DATA LISTING ->
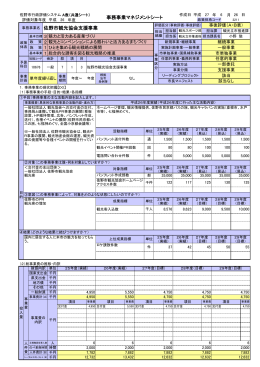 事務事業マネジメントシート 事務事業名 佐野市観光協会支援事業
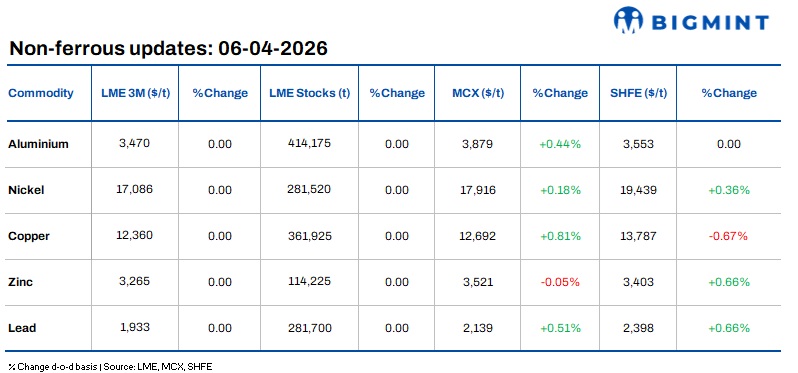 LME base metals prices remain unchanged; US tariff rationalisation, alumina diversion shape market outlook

...

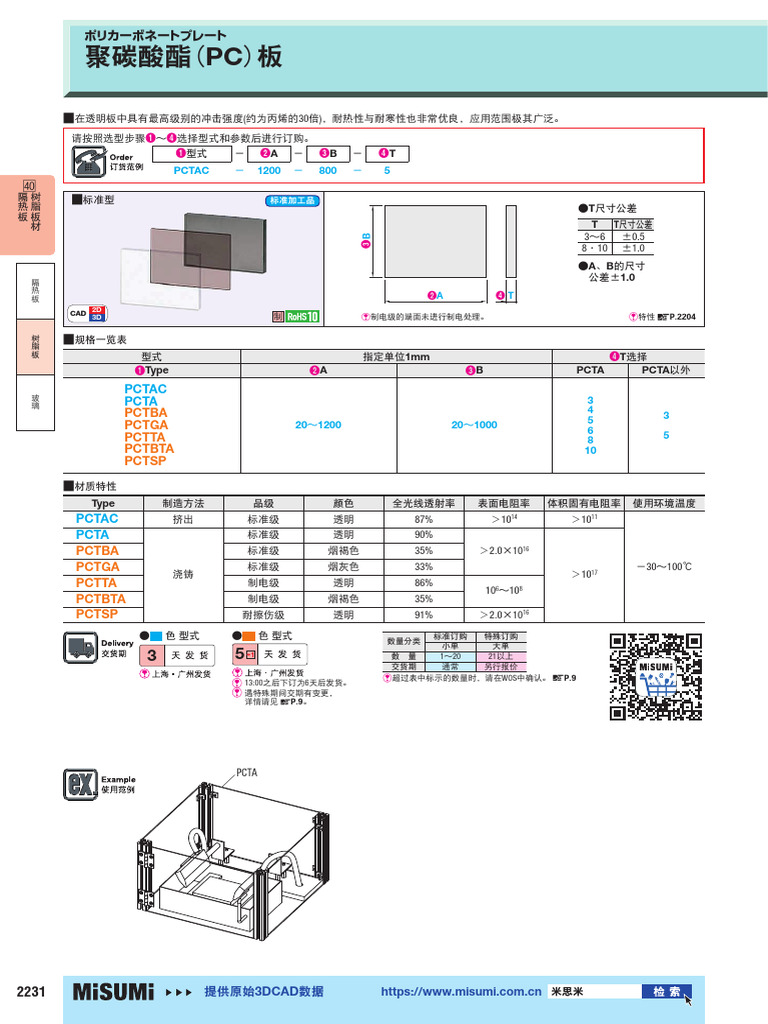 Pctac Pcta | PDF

---

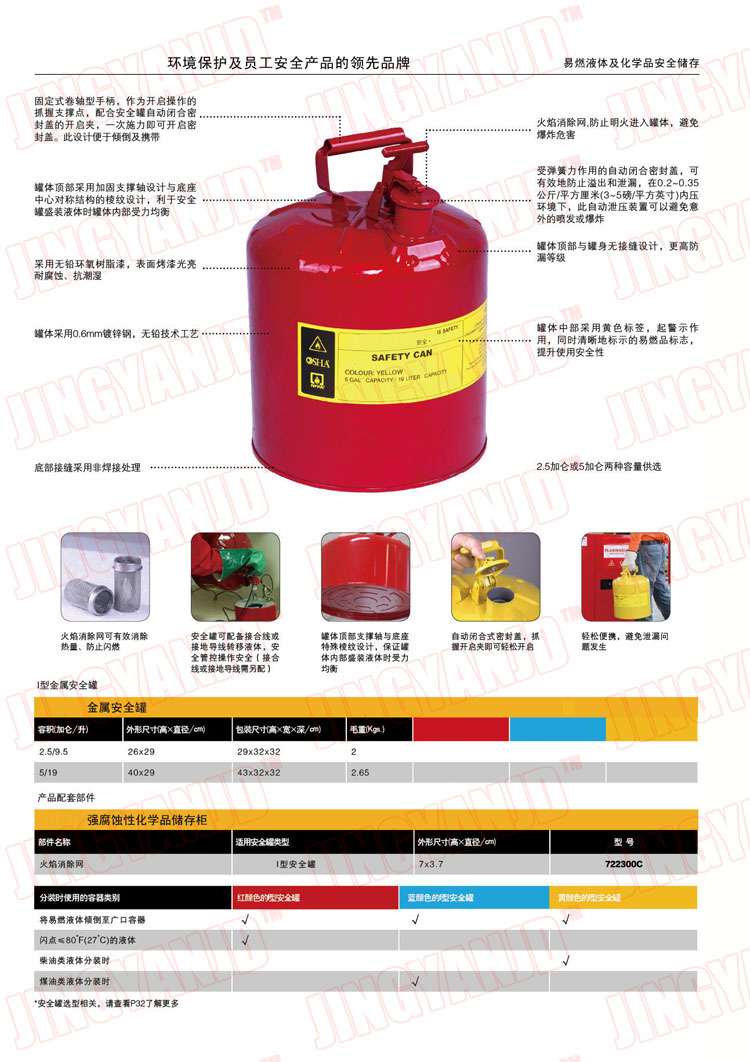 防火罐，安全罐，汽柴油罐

EXERCISE DETAILS -> Reproduce, word for word, only the lines in the records above from the line with "事務事業マネジメントシート 事務事業名 佐野市観光協会支援事業" through the line with "LME base metals", including both ends; omit the pictures.

RESPONSE TO THIS TASK ->
 事務事業マネジメントシート 事務事業名 佐野市観光協会支援事業
 LME base metals prices remain unchanged; US tariff rationalisation, alumina diversion shape market outlook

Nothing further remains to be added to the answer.